Statistical mechanics, on the other hand, works almost entirely at the level of inference, where we are concerned with what we know about the state of the system:

knowledge about reality == epistemology.

Seen this way, we realize that the Gibbs ensemble represents the probability that our N-particle system is in a particular microstate. In Gibbs' statistical mechanics we are making inferences about the state of a system, given incomplete information. We know the values of the macroscopic variables, but there are many microstates compatible with this macrostate. We are not assuming that the system actually explores all the states accessible within the constraints, or indeed that it changes state at all. When this is realized, we see that ergodic assumptions are irrelevant to the rationale of statistical mechanics, even if such theorems could be proved. Rather, we set up a probability distribution (ensemble) using MaxEnt and whatever constraints are available, and see what predictions result. If this process leads to experimentally verified predictions, well and good; it then follows that our information that led to this ensemble was sufficiently accurate and detailed enough for our purposes. If our predictions are not verified, we conclude that there must be other, unknown influences which are relevant and which should be sought at the ontological level.

7.4 Gibbs versus Boltzmann entropies

For the present purposes a single specific example will suffice to illustrate the difference between Boltzmann's kinetic theory and Gibbs's statistical mechanics. Suppose we consider a system of N interacting particles in a box of volume V, with a purely classical Hamiltonian

            N
     H  =   ∑     pi2   + U(x1,x2, ... ,xN)		(7.6)
           i=1   ----
                  2m

The Gibbs entropy SG is defined in terms of the joint probability distribution pN of the N particles,

                    |\
        SG = - kB   |   dτN pN log pN	        	(7.7)
                  \|
The Boltzmann distribution function requires a little reinterpretation, but we can make sense of it in terms of the single particle distribution, defined as a marginal distribution over the N particles,

                 |\
        pi  =    |    dτN-1  pN	                (7.8)
               \|
where the integration is over all particle coordinates except the first. The Boltzmann entropy SB then becomes
                      |\
        SB  = -kB N   |   dτ1 p1 log p1	        (7.9)
                    \|

Of these two expressions for the entropy, it should be immediately apparent that only Gibbs's definition is meaningful. No matter how big your system becomes, you always have one system with N particles in it, and not N systems each with one particle! However, the real power of Gibbs's definition lies in the following theorem proved by Jaynes (1965), which deserves to be more widely known. If the initial probability distribution of the system is that of maximum entropy SG (the canonical ensemble), and the state variables are then altered over a locus of equilibrium states (reversible paths), then

                  |\    dQ
         ΔSG =    |     --             		(7.10)
                 \|     T
whereas
                  |\     d<K> + p0 dV
         ΔSB =    |      ------------		(7.11)
                 \|           T
where Q is the heat input, K the kinetic energy, T the temperature and p0 = NkBT / V, the equivalent pressure of a perfect gas. Hence the Gibbs entropy when maximized (i.e., for the canonical ensemble) can be identified numerically with the thermodynamic entropy defined by Clausius. More generally, because SG is defined for all probability distributions, not just the canonical ensemble, we have
            SGSE    			(7.12)
with equality if and only if the distribution pN is canonical.

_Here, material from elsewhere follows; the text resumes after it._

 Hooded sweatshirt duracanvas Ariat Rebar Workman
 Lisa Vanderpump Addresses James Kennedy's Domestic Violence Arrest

On the other hand, the expression for the change of the Boltzmann entropy shows that it ignores both the internal energy and the effect of the inter-particle forces on the pressure. Because it is defined in terms of the single particle distribution, it is difficult to see how the situation could be otherwise. The Boltzmann entropy is the same as the Clausius entropy only for the case of a perfect gas, when it is equal to the maximised Gibbs entropy as well.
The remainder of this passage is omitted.